Re: Failing RAID 5 rebuild / upgrade
If you suspect HW failure, try reading the SMART data using smartmontools. But I don't know all the options to use and to understand their results, you will have to google about using smartmontools. But it should be faster and most importantly safer than failing disks and see if the array gets rebuild.
After the smart results, and depending what they say, you might consider having two degraded raid5 arrays instead of thinking about raid1 for the new disks and then reshaping them to raid5. But you will need at least 4 sata ports for two degraded raid5 arrays (old array with two disks working, the new array created with two disks and missing member).
Re: Failing RAID 5 rebuild / upgrade
i thought about that too (the 2 degraded RAID5s)... I only have 4 SATA ports, and my OS is on one... so I'd have to do the copy in a live environment...
it actually seems like my best option as far as time goes... is there any reason to NOT do this in a live environment?
Re: Failing RAID 5 rebuild / upgrade
None that I can think of, except that it might last for hours to copy the data so the live session will have to be booted for hours and hopefully doesn't reboot.
Re: Failing RAID 5 rebuild / upgrade
just mounted the RAID and it said there were filesystem errors. running fsck fixed the errors, but dmesg also contained errors like posted above. does ata4 (as in the error) correlate to SATA port 4? because if it does, i can make sure to remove that disk when i do the copy... or... i could risk it and try a one-at-a-time replacement again... thoughts?
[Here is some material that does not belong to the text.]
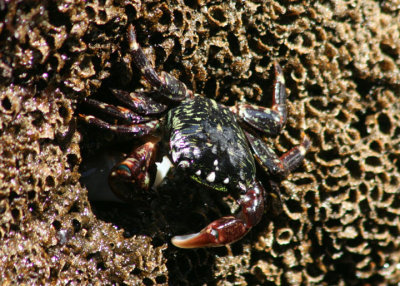 Striped Shore Crab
Re: Failing RAID 5 rebuild / upgrade
ok... ran the SMART self-test and /dev/sdb failed with a read error ... so how do i identify which physical drive is /dev/sdb ?
*** EDIT ***
nm... found my own answer:
hdparm -i /dev/sdb will give me the serial number... compare to drive label
Re: Failing RAID 5 rebuild / upgrade
so I've identified the bad drive... should i do the one-drive-at-a-time starting by pulling /dev/sdb out first? or the live CD method with 2 degraded arrays?
Re: Failing RAID 5 rebuild / upgrade
I would do the one replacement at a time starting with sdb.
If you already used some of the new disks in mdadm don't forget to zero the superblock first before trying to add them to md0 so that the existing superblock info doesn't clash. The disk should be considered as "brand new" without any superblock on it.